Quoting Russell Coker (russell@coker.com.au):
The thing about hunter-gatherer societies is that there is a more direct link between population and sustainability. If your tribe has a certain area that can feed a certain number of people then you have clear choices to keep the population down or declare war on surrounding tribes - which would be more likely to reduce the population of your own tribe than increase the available land.

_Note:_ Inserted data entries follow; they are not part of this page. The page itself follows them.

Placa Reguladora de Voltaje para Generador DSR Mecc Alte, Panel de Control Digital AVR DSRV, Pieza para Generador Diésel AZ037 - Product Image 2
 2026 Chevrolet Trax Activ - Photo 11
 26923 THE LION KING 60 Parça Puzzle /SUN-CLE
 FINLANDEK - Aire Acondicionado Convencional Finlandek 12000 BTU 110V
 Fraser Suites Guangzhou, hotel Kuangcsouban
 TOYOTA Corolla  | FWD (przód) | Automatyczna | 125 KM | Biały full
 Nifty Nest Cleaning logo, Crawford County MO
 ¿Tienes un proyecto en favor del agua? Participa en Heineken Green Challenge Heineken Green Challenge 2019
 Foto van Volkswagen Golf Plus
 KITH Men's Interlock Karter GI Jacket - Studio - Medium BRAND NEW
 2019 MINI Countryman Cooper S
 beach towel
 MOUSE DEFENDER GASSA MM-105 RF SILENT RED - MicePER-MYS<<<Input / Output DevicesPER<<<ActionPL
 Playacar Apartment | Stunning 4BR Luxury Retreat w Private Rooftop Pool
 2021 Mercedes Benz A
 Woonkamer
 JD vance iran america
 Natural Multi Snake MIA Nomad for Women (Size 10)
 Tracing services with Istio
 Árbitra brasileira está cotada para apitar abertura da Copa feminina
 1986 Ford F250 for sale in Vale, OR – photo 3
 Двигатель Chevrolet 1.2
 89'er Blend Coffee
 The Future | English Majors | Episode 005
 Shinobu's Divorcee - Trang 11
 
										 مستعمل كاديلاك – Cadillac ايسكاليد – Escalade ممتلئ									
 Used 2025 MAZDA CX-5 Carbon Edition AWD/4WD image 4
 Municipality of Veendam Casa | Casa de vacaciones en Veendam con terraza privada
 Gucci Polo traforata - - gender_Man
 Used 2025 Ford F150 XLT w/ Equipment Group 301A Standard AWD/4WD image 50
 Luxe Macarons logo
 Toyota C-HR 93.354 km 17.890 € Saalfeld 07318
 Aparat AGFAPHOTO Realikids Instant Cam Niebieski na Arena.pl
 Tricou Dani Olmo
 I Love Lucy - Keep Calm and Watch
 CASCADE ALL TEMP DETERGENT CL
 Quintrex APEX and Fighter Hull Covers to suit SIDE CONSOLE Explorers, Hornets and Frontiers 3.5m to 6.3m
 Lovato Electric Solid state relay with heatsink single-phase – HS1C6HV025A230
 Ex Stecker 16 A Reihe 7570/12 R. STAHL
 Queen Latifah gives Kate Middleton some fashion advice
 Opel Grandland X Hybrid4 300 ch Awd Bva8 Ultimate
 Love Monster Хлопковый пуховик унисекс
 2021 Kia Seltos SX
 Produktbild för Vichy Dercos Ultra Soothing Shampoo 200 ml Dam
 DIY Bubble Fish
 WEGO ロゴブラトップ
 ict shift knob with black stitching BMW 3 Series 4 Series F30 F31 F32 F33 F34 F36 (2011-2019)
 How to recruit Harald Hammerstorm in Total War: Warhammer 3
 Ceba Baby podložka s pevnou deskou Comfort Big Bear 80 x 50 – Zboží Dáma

When my wife and I were recently on the island of Puerto Rico (originally a nickname; Spanish for 'rich port'), I was reading a good history of the island that started with the original human inhabitants, the Taino.[1] The Taino were an agricultural society, part of the Arawak group of peoples (and languages), and had a fairly high level of civilisation as an agricultural society. Over hundreds of years, the Taino fought a strategic retreat against another people, the Carib (source of our name 'Caribbean'), who followed them up from Central America and disputed various islands with them. As a youth I heard the Caribs described only as 'fierce' but was not told the context: It turns out that they were primarily hunter-gatherers, and had relatively little agriculture. (The women did some agriculture.) Hence, they needed large amounts of land on which to hunt and fish, leading to conflict with agricultural neighbours. The Carib were notably more patriarchial than the Taino, and more socially separate from their men, but were reported to wield more societal power than their Taino equivalents, FWIW.
I can understand Americans and other people from less developed countries having some nostalgia for hunter-gatherer societies.
Can't imagine why. On the other hand, I've always felt that Hobbes's phrase 'Solitary, Poor, Nasty, Brutish, and Short' (describing the human 'state of nature') would make an excellent name for a law firm. ;-> [1] Many Taino language elements persist, including the Puerto Ricans' own name for the island, Borinquen, from the Taino Borikén, translating to Land of the Valiant Lord.